Namun, pada praktiknya hingga saat ini Direktorat Merek dan Indikasi Geografis, Direktorat Kekayaan Intelektual, Kementerian Hukum dan Hak Asasi Manusia (Kantor Merek) masih menerima permohonan pendaftaran merek yang menggunakan istilah asing atau gabungan dari istilah asing sebagai merek dagang atau merek jasa yang diajukan oleh warga negara Indonesia dan badan hukum Indonesia. Bahkan tidak sedikit merek-merek tersebut terdaftar bahkan setelah diundangkannya UU No.24/2009.
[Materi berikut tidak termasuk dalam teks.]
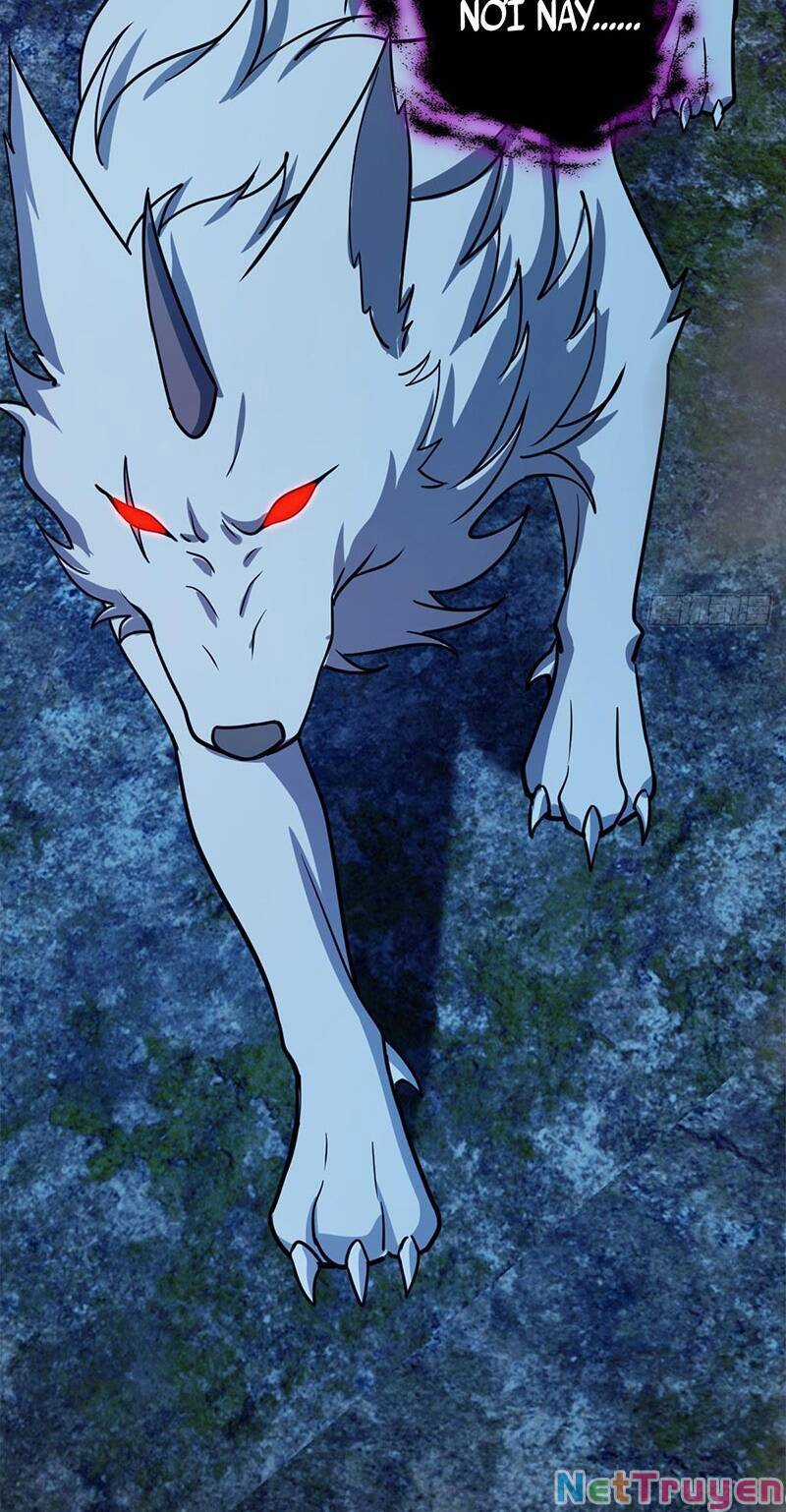 Sư Phụ Của Ta Mỗi Khi Đến Đại Nạn Mới Đột Phá Chapter 34 trang 58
Dengan diterbitkannya Perpres 63/2019, banyak menimbulkan pertanyaan terutama dampak serta konsekuensi dari ketentuan tersebut terhadap permohonan pendaftaran merek dagang dan/atau merek jasa yang saat ini masih dalam proses pendaftaran dan merek-merek tersebut menggunakan kata atau gabungan dari kata asing.

Dalam Perpres tersebut tidak ada penjelasan serta kepastian bagaimana nasib merek dagang dan/atau merek jasa yang sudah terlanjur diajukan dan masih dalam proses pendaftaran sebelum Perpres 63/2019 terbit. Para pemangku kepentingan mempertanyakan bagaimana dengan nasib permohonan merek dagang dan/atau merek jasa apakah akan berdampak negatif yang merugikan terhadap portofolio merek dagang dan/atau jasa mereka.

Undang-undang Nomor 24 Tahun 2009 Tentang Bendera, Bahasa dan Lambang Negara serta Lagu Kebangsaan tidak mengatur sanksi atau akibat hukum dari tidak dipenuhinya kewajiban penggunaan Bahasa Indonesia dalam suatu merek dagang dan/atau jasa. Namun Perpres 63/2019 itu juga belum memberikan penjelasan akan hal tersebut.

Sejak diundangkannya UU No. 24/2009 sampai dengan saat ini, tidak ada pedoman yang berlaku untuk para pemeriksa merek dagang dan/atau merek jasa di Kantor Merek (Direktorat Merek dan Indikasi Geografis) dalam mengimplementasikan ketentuan ini.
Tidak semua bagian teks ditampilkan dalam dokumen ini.